Activity: Pictures must not appear in the copy. Set down exactly the line with "Fonte de alimentação" and each line after it through the end of the data below.

Collected data
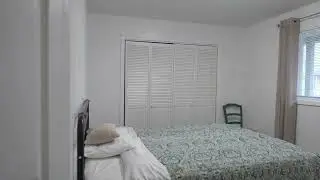 Walkthrough Video 620 E Susitna Dr. Wasilla, AK 99654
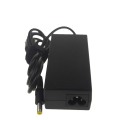 Fonte de alimentação de 12V 5A ac dc com dc5.5 * 2.5mm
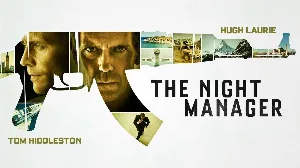 مسلسل The Night Manager 2016 مترجم HD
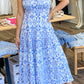 Baha Mar Dress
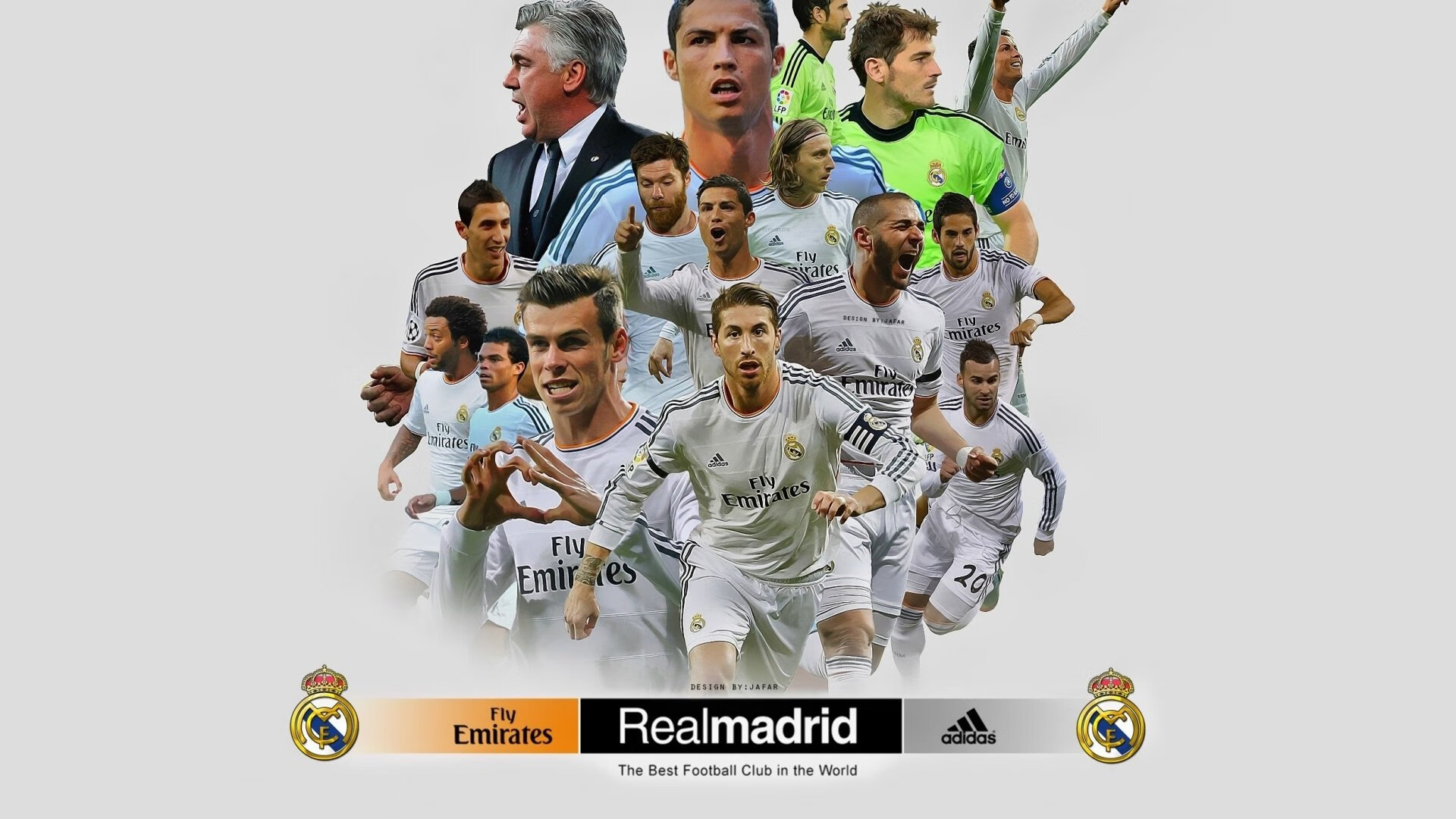 这一脚直接封神，这一脚你受得了吗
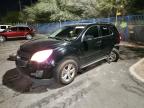 CHEVROLET EQUINOX 2015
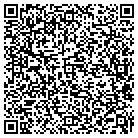 QR code with Dieguez Gabriela contacts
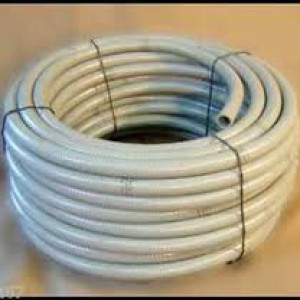 IMH - LIQUID TIGHT FLEXIBLE  CONDUITS - 7.5 MTR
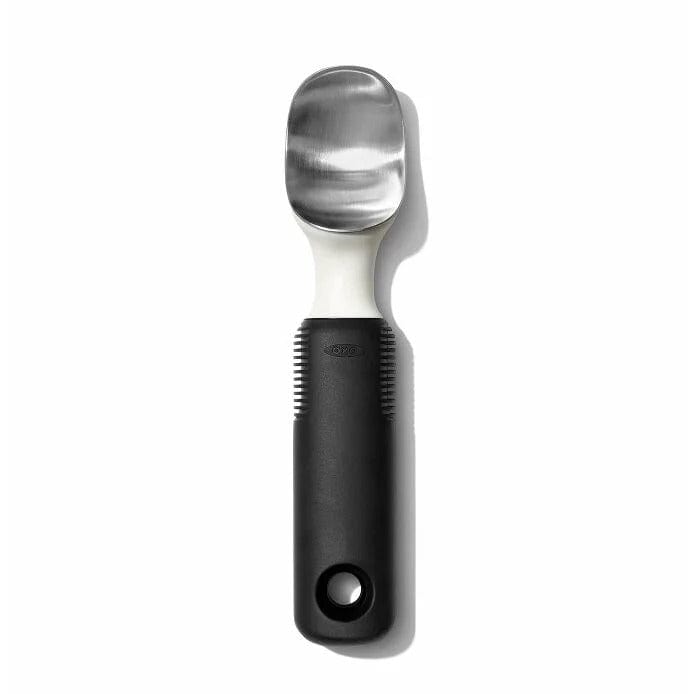 OXO Classic Ice Cream Scoop - Scoops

Task solution:
 Fonte de alimentação de 12V 5A ac dc com dc5.5 * 2.5mm
 مسلسل The Night Manager 2016 مترجم HD
 Baha Mar Dress
 这一脚直接封神，这一脚你受得了吗
 CHEVROLET EQUINOX 2015
 QR code with Dieguez Gabriela contacts
 IMH - LIQUID TIGHT FLEXIBLE  CONDUITS - 7.5 MTR
 OXO Classic Ice Cream Scoop - Scoops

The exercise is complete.